December 2010, I had just completed my first quarter. In that time, I managed to meet a few people that became my good friends, who are now some of my best friends. But unlike now, when I am constantly surrounded by people I love, I still spent most of that time alone, staring at a map of Post-Its I had put up on my bedroom wall.
On the Post-Its, I had outlined the world of writing in UC Irvine. I promised myself that I would conquer the writing microcosm of UCI. I scanned newspapers, went to club meetings, started remembering names. I learned what it was to be a reporter. I began to immerse myself in this perceived world of writing.
To tell the truth, though, I signed up to be editor on a whim.
I went to my first tear-up meeting reluctantly. One of those aforementioned good friends, Annie Kim, brought me to a meeting after she wrote her first article. I imagined tear-up as a violent act, and as I went through the meeting I tried to dissect the dynamic behind the Big Kid’s Table. The one all of the editors sat at.
“I haven’t even published a single article yet,” I told her, standing in front of the sign-up sheets in the newsroom hallway. “Not one.”
“Just do it,” she said. “The worst they can say is no. There’s no harm in trying.”
So here we are, over a year later, and I’d be lying if I said that being hired as the associate Entertainment editor (Annie got hired as associate Features) wasn’t one of the best things that’s ever happened to me. Through my position at the paper, I’ve been able to have so many great experiences. I’ve gotten a lot of great experience learning how a newspaper works, yeah. But the personal relationships and experiences, both in reporting and not, have been the highlight of my college experience.

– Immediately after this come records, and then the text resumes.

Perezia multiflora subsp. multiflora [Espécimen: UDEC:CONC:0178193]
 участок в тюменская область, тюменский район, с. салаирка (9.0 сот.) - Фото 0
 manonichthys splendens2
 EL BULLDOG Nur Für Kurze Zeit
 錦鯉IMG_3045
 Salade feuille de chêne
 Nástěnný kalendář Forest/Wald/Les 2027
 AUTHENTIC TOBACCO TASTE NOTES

Sleeping in the park for a week, going vegan, countless parties, hella pancakes, even more pizza, late nights spent in the New U … What I signed up for that fateful day last year, as fucking corny as it is, was a family. The night of the five writers, sitting on the rocks and sighing tired harmony into frigid air; sitting in a parking lot on Sunset in LA, sipping catharsis from a brown paper bag; hushed laughter inside the intern office of a local magazine. Through all the conquests and crises, those times spent crowing into our wild nights or ones spent trying to make sense of our crumbling lives, one thing has been constant:
Sundays at 10 AM and Wednesdays at 5 PM, I’ve got somewhere to be.